— Здесь есть лекарь? — толкаю дверь ногой, врываюсь в полумрак лавки, пропитанной запахом лекарств.
— Мы закрыты! — выскакивает из неприметной двери за прилавком пожилая женщина. — Кто двери ломает?! — оглядываюсь на вход. Сорванная щеколда болтается на одном гвозде, грозит окончательно отвалиться.
— Мне нужна помощь, — опускаю Линсан на узкую скамью у прилавка. Срываю с рук браслеты, выдергиваю жемчуг украшений из прически, сваливаю это на прилавок. — Помогите, пожалуйста.
Женщина замерла на мгновение, мнет в руках заляпанный передник, смотрит на меня и на бледную Линсан, в которой все меньше жизни.
— Запри дверь, — она решила что-то для себя, бросилась к Линсан, махнув мне на распахнутую дверь.
Отрываю болтающуюся щеколду, накидываю не менее хлипкий засов, отрезая нас от громкого мира гудящей улицы.

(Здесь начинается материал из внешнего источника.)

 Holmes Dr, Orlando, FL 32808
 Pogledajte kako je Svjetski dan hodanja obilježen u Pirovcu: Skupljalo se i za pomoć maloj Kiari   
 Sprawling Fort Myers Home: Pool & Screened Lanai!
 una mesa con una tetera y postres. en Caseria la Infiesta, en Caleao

Ноги не держат больше. Опускаюсь прямо на пол, подпирая дверь, смотрю, как женщина суетиться вокруг Линсан. Щупает ее тело, осматривает перетянутую обрывком платья ногу. А крови уже совсем нет.

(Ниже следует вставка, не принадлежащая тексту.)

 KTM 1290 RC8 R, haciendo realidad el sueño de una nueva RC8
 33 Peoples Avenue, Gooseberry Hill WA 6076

Смерть действительно ходит рядом. И не угадаешь, когда она придет за тобой, возьмет за руку и утащит без предупреждения за грань. Глупо просто сидеть и ждать ее.
Я ненавижу жизнь за ее уроки. Слишком велика их цена за каждое знание. Я буду жить так, как говорит Линсан, бороться за каждый вздох. Стану собой, а не кем-то другим. Жизнь слишком ценная, чтобы дарить ее другим. Взлечу так высоко, чтобы смерть не смогла дотянуться. А еще… никогда больше не пущу никого в душу. Это очень больно и страшно. Хуже, чем когда нож царапает сердце.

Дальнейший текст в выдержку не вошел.